5 Things We Learned from MLS Eastern Conference Semifinals
On Wednesday night, the Major League Soccer Eastern Conference semifinals were decided with the Houston Dynamo downing the New York Red Bulls and Sporting Kansas City beating the New England Revolution.
Both home-and-away series came down to extra time. The Dynamo beat the Red Bulls 2-1 at Red Bull Arena to take the series on a 4-3 aggregate.
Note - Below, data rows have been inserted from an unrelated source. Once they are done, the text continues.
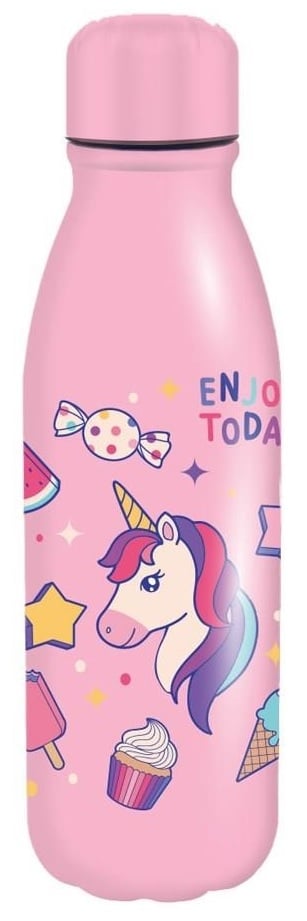 Παγούρι Αλουμινίου με Καπάκι 550 ml Must - Unicorn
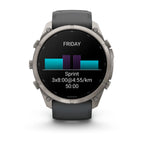 Garmin Fenix 9 Pro 51mm - Dökkgrátt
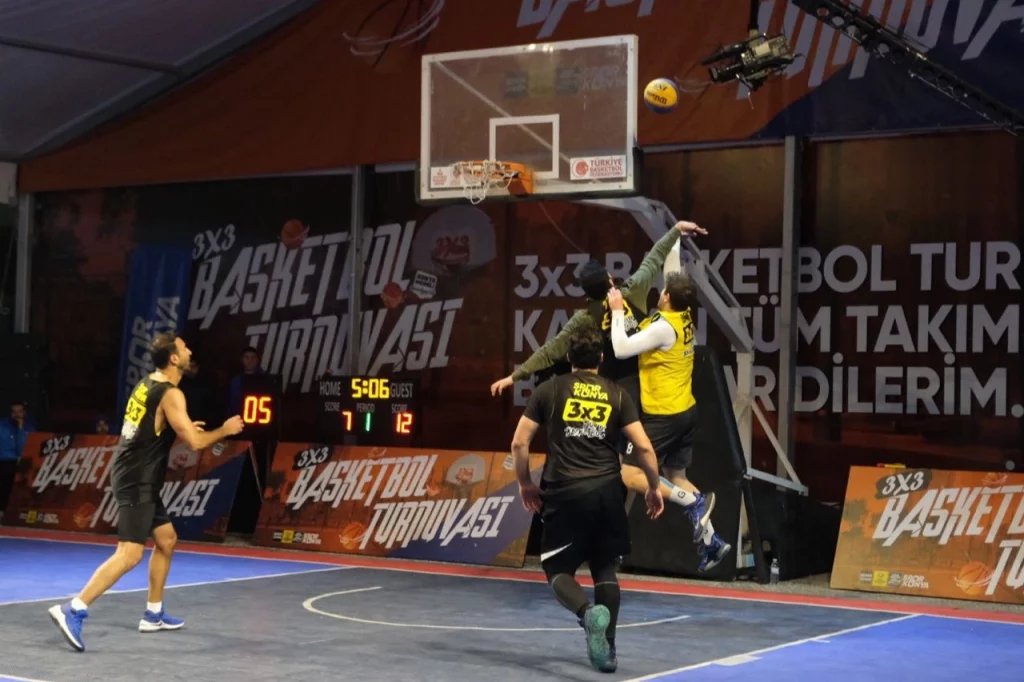 Konya’da 3×3 heyecanı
Sporting beat the Revolution 3-1 at Sporting Park to also win their series 4-3 on aggregate.
Here are five things we learned.
Aurelien Collin Saved Sporting KC’s Life…Twice
It’s not often that a team must rely on its center-back to provide the goal-scoring punch, but for it to happen two games in a row is simply amazing.
In the first leg of the series, with Sporting KC down 2-0 in the 69th minute and looking to be heading back to Kansas City with a mountain to climb, Collin came to the rescue, knocking in this second-half goal.
Then on Wednesday night, with Sporting still trailing the series 2-1 in the second leg, Collin again sparked Kansas City’s attack, knotting the series at two goals apiece with his tally in the 41st minute.
Take a Bow, Omar Cummings
Omar Cummings was an unlikely hero for the Houston Dynamo over the past week, but he answered the call in both legs of their series with the New York Red Bulls.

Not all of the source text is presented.